To determine whether populations have evolved local adaptation, Colautti and University of Toronto professor Spencer Barrett collected seeds from three different climatic regions and grew them at three sites spanning the distribution of the species in eastern North America. They found that 'home' plants collected from latitudes most similar to each common garden location always had higher fitness than the 'away' plants. For example, plants collected from northern latitudes had the highest fitness when grown at the northern site in Timmins, Ontario but the lowest fitness when grown at a southern site in northern Virginia relative to plants collected from southern latitudes.
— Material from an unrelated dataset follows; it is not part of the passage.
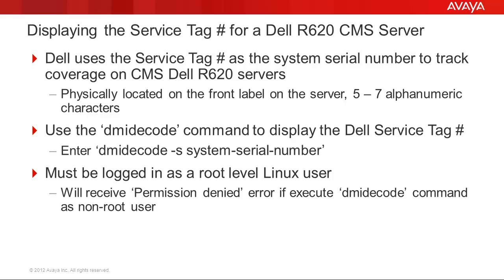First, I'll cover a slide with some details about the service tag number and dmidecode command. Dell uses the service tag number as the system serial number for tracking warranty coverage on the CMS Dell R620 servers. The service tag number is 5 to 7 alphanumeric characters and is physically located on the front label of the server.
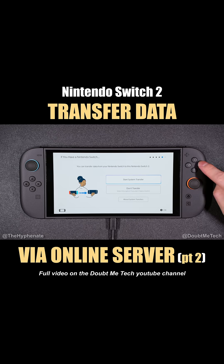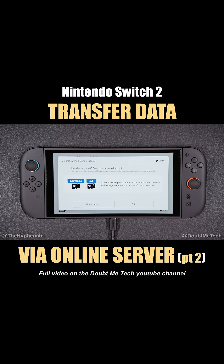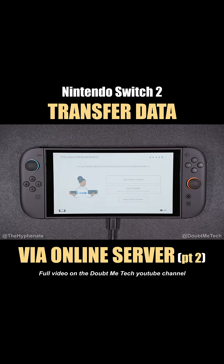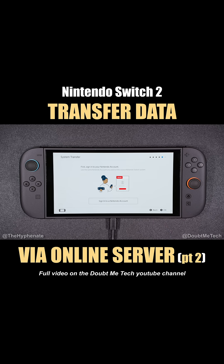Go to Start System Transfer. Note: if you have a microSD Express memory card, insert it now. Only microSD Express cards featuring the Express and EX marks are supported — other SD cards won't work. We're going to skip that for now and sign into our Nintendo account. Signed in — press OK.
The researchers then directly measured Darwinian natural selection on flowering time at each of the common garden sites. They found that early flowering was adaptive at the most northern site because early-flowering plants produced the most offspring while plants with delayed flowering began reproduction near the end of the growing season, when pollinators were scarce and flowers were prone to frost damage. But later flowering was favoured by natural selection at more southern sites because delayed reproduction allowed plants to grow larger and produce more seeds when the growing season is longer. The differences have evolved over the past 50 years as the species moved northwards, following its initial introduction to the east coast of the USA.

The research was funded by the Natural Sciences and Engineering Research Council of Canada.

"We found that the evolution of local adaptation to climate in purple loosestrife increased reproduction as much as or more than escaping natural enemies."